Elbette Demirtaş’ın söylediği bu anlama gelmiyor. Kendisi, yine ve her zamanki gibi, sabırlı biçimde izah etti. Kalıcı ve sürdürülebilir bir barışı tesis etmenin yolunun, sadece PKK’ye silah bırakma yönünde çağrı yapmakla gerçekçilik kazanmayacağını anlattı.

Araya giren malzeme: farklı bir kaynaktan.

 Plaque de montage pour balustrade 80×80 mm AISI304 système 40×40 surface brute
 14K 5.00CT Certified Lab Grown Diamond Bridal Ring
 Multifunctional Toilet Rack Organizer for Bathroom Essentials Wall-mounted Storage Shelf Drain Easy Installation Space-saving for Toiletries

Demirtaş, barışın yolunun müzakereden geçtiğini, böyle bir çağrı yapmakla yalnızca toplumu kandırmış olacaklarını, daha önemlisi PKK’ye silah bırakması yönünde çağrı yapabilecek tek kişinin Öcalan olduğunu ve onun da şartlarının zaten devlet tarafından bilindiğini belirtti.
Al bir çatlak daha
Bu ülkeye gerçek anlamda barış, ancak adaletin sağlanması ve insanlara temel hak ve özgürlüklerinin verilmesiyle gelebilir. Bu kapsamda yapılması gerekenlerden biri de Öcalan’ın özgürleştirilmesi; nitekim tutsak konumundaki hiçbir liderin, kendi başlattığı bir direnişi bitirmeye dönük bir çağrısı olamaz. PKK’nin dağ kadrosu yönetimi de bunu açıkça ifade etmişti.

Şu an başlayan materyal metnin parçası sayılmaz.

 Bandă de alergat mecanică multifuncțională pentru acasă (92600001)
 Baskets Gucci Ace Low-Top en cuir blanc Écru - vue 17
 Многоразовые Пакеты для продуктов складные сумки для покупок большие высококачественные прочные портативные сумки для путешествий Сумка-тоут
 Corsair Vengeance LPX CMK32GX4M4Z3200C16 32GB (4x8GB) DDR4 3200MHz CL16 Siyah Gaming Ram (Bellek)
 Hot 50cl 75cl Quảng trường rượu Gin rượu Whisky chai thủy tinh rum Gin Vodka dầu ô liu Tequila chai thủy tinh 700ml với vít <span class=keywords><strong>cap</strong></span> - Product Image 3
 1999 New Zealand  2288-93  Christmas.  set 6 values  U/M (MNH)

Şimdiyse bu şartın sadece ‘dağlardan’ geldiğini savunanlar, yani Öcalan’a ait olmadığını düşünenler var… İşte buyrun size Kürt hareketinde başka bir ‘çatlak’ daha!
Peki ya Öcalan kendi özgürlüğünü isterse, o sahtekarlar bu durumda ne der? İlk aklınıza gelen doğru; Öcalan’ın sadece kendi özgürlüğünün peşinde olduğunu söyleyeceklerdir.
Hangi meşruiyet?
Öyle görünüyor ki HDP’nin son seçimlerde 80 milletvekili çıkarmış olması, PKK’nin silah bırakması gerektiğini düşünenlerin kullandığı en popüler gerekçe. Ne de olsa Kürtlerin artık parlementoda ‘meşru’ bir temsiliyeti var, değil mi? Peki, ne demek bu ‘meşru’ temsiliyet?

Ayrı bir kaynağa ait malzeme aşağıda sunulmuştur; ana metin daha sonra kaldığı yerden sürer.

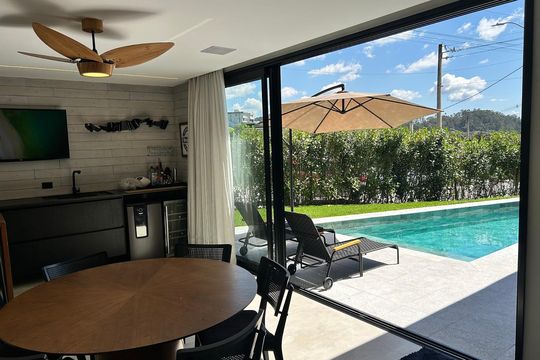 Área Gourmet de casa de condomínio à venda com 3 quartos, 228m² em Sítio do Rosário, Barueri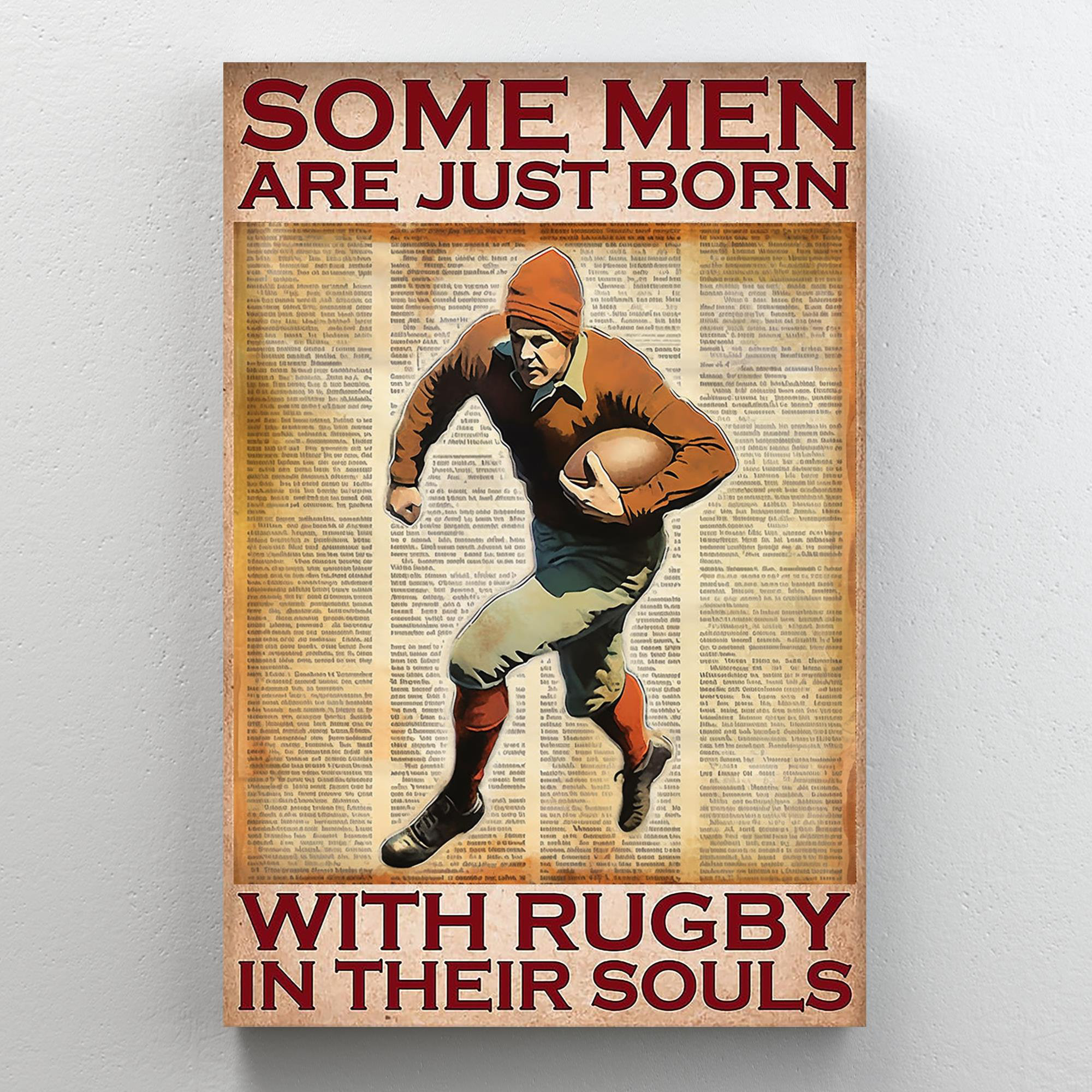 Rugby Player Set of 2 Prints, Teen Wall Art, Rugby Poster, Gift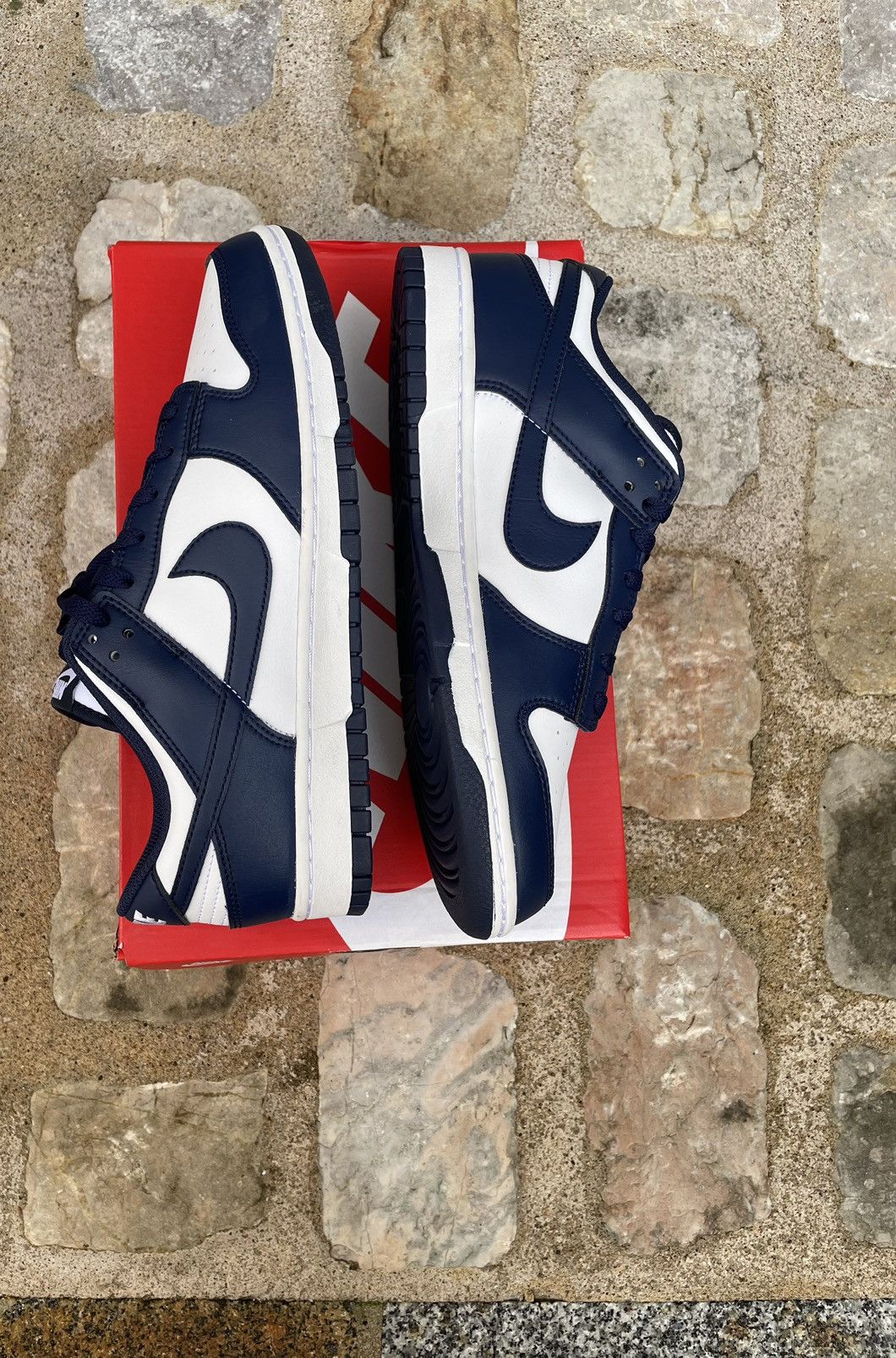 Nike Dunk low retro blue navy Size US 11 / EU 44 - 7 Thumbnail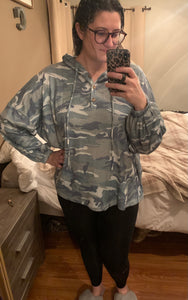 Oversized Camo Hoodie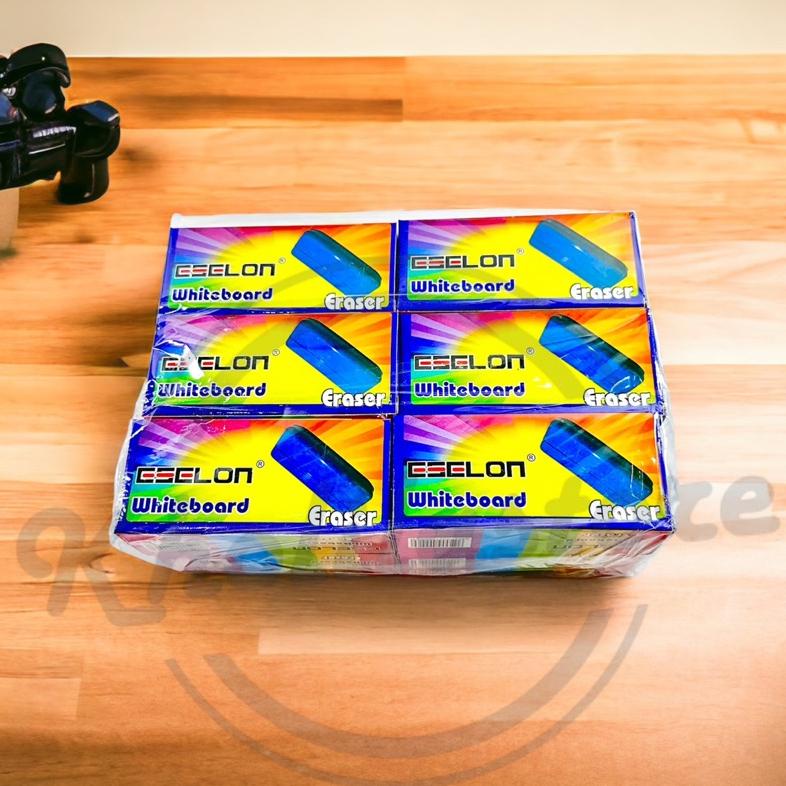 

Big Sale (12 pcs) Penghapus Papan Tulis Whiteboard Eselon Kecil ,,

Neyi kastettiklerini biliyorum elbette: ‘Baraj aşıldı artık’ demek istiyorlar. E peki, daha önce ‘meşru’ değiller miydi? Yani, ne onların temsilcileri ne de on yıllardır parlementoda Kürt hak ve özgürlük mücadelesini temsil edenler, bugüne kadar sırf yüzde 10’luk gayrimeşru barajı aşamadılar diye ‘meşru’ değillerdi, öyle mi?
80 vekilin anlamı
Sözünü ettiğimiz bu ‘uzmanlar’ yine 80 milletvekili çıkardı diye HDP’nin artık bir seçim yapması gerektiğini söylüyor. Hatta içlerinden biri daha da ileri gidip iki seçenek sundu HDP’ye: Ya gidip ‘Türkiye eğer Suriye’ye operasyon başlatırsa, PKK Türkiye’ye karşı savaş başlatır’ diyen Kandil’deki PKK’nin dağ kadrosuyla birlikte hareket etsin, ya da ‘Ulus devlet miadını doldurmuştur, biz artık demokrasi ve özgürlük mücadelemizi başlatıyoruz’ diyen Öcalan’la aynı safta yer alsın. Bu tavra bakılırsa, HDP’nin 80 milletvekili çıkarması, Kürt meselesinin çözümünde önemli bir yer tutuyor.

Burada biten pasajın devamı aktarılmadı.